• RECORDS FOR THIS TASK:
· · ·

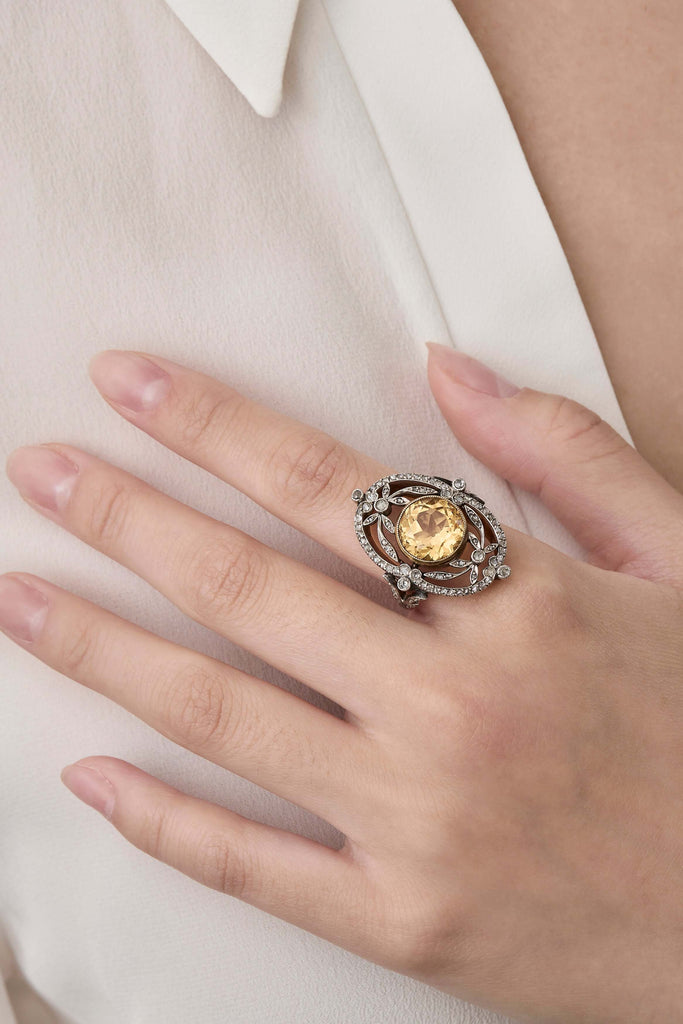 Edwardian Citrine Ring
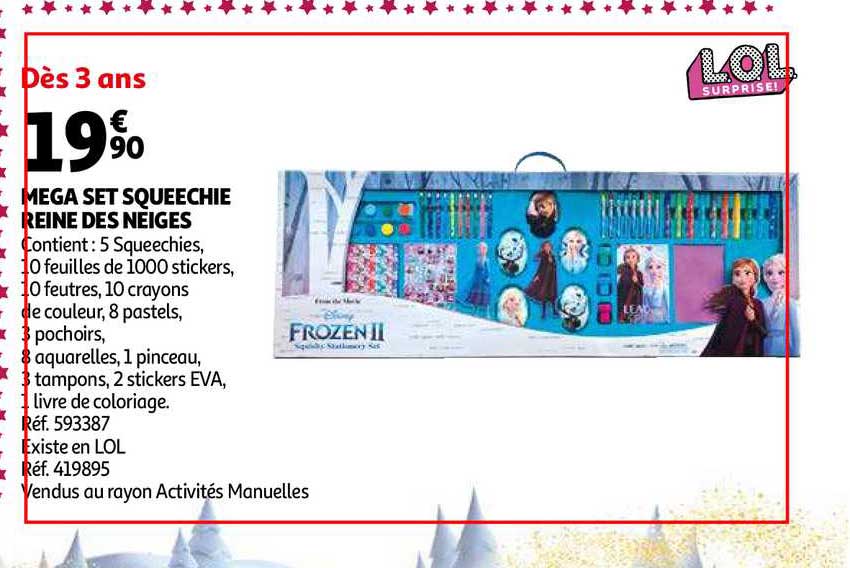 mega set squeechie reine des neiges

· · ·

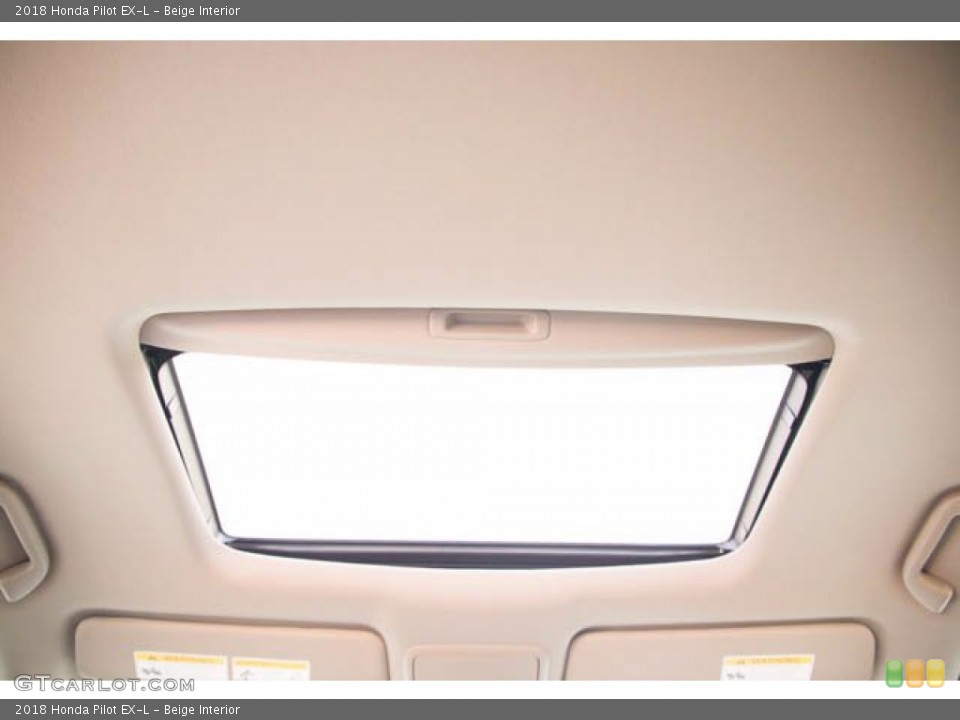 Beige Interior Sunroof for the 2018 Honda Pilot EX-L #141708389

· · ·

• WHAT THE TASK ASKS:
Transcribe only this stretch of the data: the line with "Edwardian Citrine Ring", the line with "mega set squeechie reine des neiges", and every line in between. Leave out the pictures.

• TASK RESULT:
 Edwardian Citrine Ring
 mega set squeechie reine des neiges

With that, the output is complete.